## WHAT YOU WILL DO
What you return should match the data below exactly, with no pictures in it.

## DATA EXCERPT
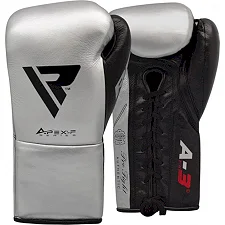 Рукавички для боксу RDX Leather Pro A3 Silver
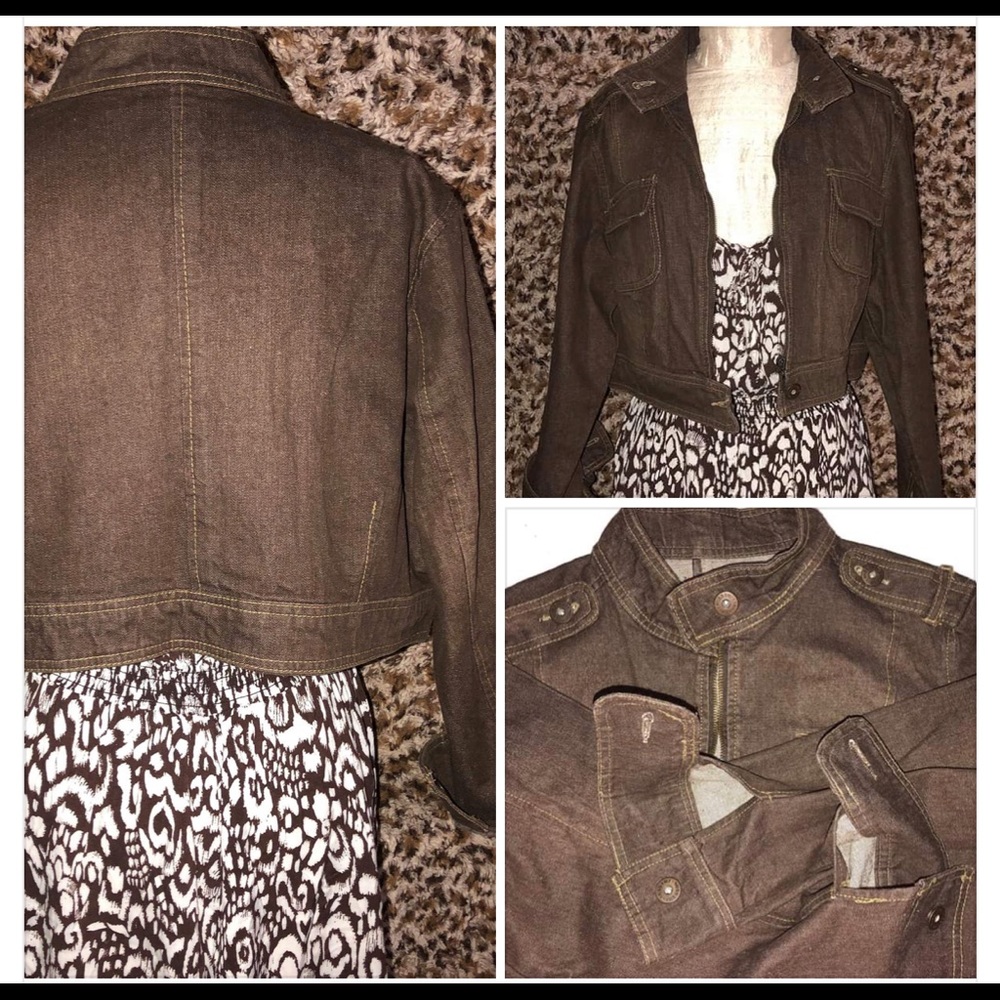 Plus Size Cropped Jacket - image 1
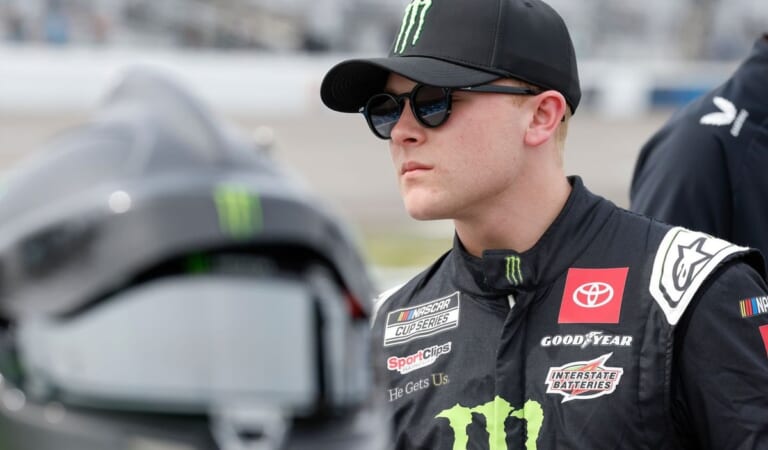 Ty Gibbs leads NASCAR Cup practice at Texas; Busch and Johnson crash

## EXERCISE RESPONSE
 Рукавички для боксу RDX Leather Pro A3 Silver
 Plus Size Cropped Jacket - image 1
 Ty Gibbs leads NASCAR Cup practice at Texas; Busch and Johnson crash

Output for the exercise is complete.